Лена трудилась с десяти до шести в каком-то ведомственном издательстве. Налицо была общность интересов, хотя Лена сразу же мне сообщила, что работа ее мало удовлетворяет и она рассматривает свое издательство как некий перевалочный пункт. Не думаю, что точно так же она рассматривала меня, хотя в конечном счете так оно и вышло. Прошли годы, мне хочется ее понять и даже вызвать какое-то сочувствие в своей душе к этому суетному существу, нервному, активному и одновременно безвольному.

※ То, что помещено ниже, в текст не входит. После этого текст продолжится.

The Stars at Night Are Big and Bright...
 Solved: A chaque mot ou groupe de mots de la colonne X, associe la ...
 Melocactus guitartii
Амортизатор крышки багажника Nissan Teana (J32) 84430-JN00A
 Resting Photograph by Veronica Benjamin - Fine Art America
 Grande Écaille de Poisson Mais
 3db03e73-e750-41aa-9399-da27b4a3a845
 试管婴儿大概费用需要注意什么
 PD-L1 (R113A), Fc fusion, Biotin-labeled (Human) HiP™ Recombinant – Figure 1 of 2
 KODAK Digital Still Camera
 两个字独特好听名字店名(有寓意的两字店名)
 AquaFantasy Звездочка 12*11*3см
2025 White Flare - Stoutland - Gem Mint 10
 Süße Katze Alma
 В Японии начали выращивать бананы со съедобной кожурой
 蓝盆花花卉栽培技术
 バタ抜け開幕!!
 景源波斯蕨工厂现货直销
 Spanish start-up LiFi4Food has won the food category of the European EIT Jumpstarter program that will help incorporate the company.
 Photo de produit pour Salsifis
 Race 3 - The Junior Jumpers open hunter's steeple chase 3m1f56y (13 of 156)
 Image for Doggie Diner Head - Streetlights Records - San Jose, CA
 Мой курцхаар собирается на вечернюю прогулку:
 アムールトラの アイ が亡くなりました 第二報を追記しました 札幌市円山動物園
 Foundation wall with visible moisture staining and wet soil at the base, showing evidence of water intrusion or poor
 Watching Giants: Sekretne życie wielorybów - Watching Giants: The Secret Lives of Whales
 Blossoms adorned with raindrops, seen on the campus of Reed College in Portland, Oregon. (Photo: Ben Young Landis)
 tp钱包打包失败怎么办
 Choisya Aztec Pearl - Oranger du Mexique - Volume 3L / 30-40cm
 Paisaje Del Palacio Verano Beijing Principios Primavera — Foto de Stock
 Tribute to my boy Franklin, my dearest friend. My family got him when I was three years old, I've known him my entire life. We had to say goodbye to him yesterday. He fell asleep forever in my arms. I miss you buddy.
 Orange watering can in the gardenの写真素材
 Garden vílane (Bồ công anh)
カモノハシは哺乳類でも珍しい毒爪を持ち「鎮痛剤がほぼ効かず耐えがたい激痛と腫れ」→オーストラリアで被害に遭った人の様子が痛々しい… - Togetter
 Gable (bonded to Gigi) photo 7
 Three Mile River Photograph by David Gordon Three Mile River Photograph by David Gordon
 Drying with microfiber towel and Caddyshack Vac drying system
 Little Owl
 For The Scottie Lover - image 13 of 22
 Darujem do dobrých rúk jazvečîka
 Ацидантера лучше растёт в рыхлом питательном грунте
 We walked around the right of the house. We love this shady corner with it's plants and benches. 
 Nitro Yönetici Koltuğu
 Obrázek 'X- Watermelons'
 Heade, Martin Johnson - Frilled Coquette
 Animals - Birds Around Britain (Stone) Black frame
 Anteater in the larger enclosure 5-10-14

Мне думается, что в сочетании этих качеств и надо искать объяснение всем ее поступкам. Я хочу взглянуть на нее со стороны и проникнуться участием к девице, которая искала своего счастья и каждый раз его не находила. Я хочу взглянуть со стороны на себя и понять, что то состояние разброда и неуверенности, в котором я жил, никак не могло импонировать моей юной жене. В самом деле, я плохо подходил к роли принца и на северного викинга я тоже не был похож. Лена могла одобрять, но ободрять она не умела. Да и ребенка она родила скорее по неосторожности, чем из потребности материнства. Вот ей и оставалось устраивать разные игры. То она играла в хорошую жену, то – в образцовую мать, то – в хозяйку дома, но и то, и другое, и третье ей быстро приедалось. Я почти сразу почувствовал опасность, по натуре Лена не была лживой, и когда появился третий человек, она плохо и нехотя это скрывала. Тут бы мне следовало побороться за нее, но во мне, разумеется, взыграла этакая испанская гордость, как-никак я был южным растением. Чем-то я даже подстегнул развитие событий. Третий получал назначение в другой конец страны, он звал ее с собой.
Я не отговаривал ее, я только просил оставить Сережу у меня, я долго внушал ей, что на новых, необжитых местах мальчику будет худо. И тут я с изумлением увидел, что она позволила себя убедить. Наверное, она решила не искушать еще раз судьбу и не испытывать прочность чувств своего возлюбленного. Как я понял, он был большим ревнивцем и вряд ли полюбил бы ребенка, который каждый день напоминал ему о предшественнике.